Milan cały czas walczy o Ligę Europy, ale teraz droga jest bardziej skomplikowana - piszą włoskie media po remisie rossonerich z Pescarą. Wobec straty punktów na Stadio Adriatico i zwycięstw Lazio oraz Atalanty, rossoneri tracą do tych rywali już odpowiednio 6 i 4 punkty. 4 "oczka" więcej od podopiecznych Vincenzo Montelli może mieć także Inter, który w poniedziałkowy wieczór zmierzy się u siebie z Sampdorią. I o ile niewykluczone, że 6. miejsce zapewni kwalifikacje do Ligi Europy, o tyle 7. pozycja ze stuprocentową pewnością nie da przepustki do rozgrywek na Starym Kontynencie. Do końca sezonu zostało 8 kolejek Serie A - czy Milanowi uda się zrealizować cel postawiony przed sezonem i po trzech latach wrócić do zmagań na arenie międzynarodowej?
Najważniejsze to wygrać właśnie z nimi. Wtedy ich przewaga patrząc na stan obecny stopniałaby do 1 punktu. Wtedy o 6. miejscu zadecyduje to, kto straci mniej punktów w meczach z top 5.

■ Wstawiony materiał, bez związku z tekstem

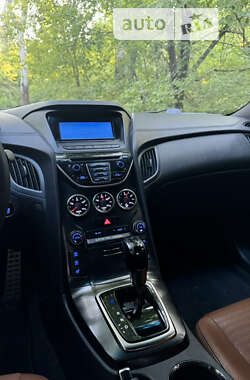Купе Hyundai Genesis Coupe 2012 в Днепре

Oczywiście moje gdybanie zakłada że wygrywamy wszystkie mecze z ogórkami, więc pewnie nie przełoży się na rzeczywistość. Dlatego oceniam nasze szanse na bardzo małe. Szkoda, bo patrząc na dorobek punktowy, to zasługujemy na Ligę Europy. W poprzednich sezonach wystarczało 60 /- 2 pkt. żeby zająć 6. miejsce, a w tym sezonie będzie to pewnie 65-70.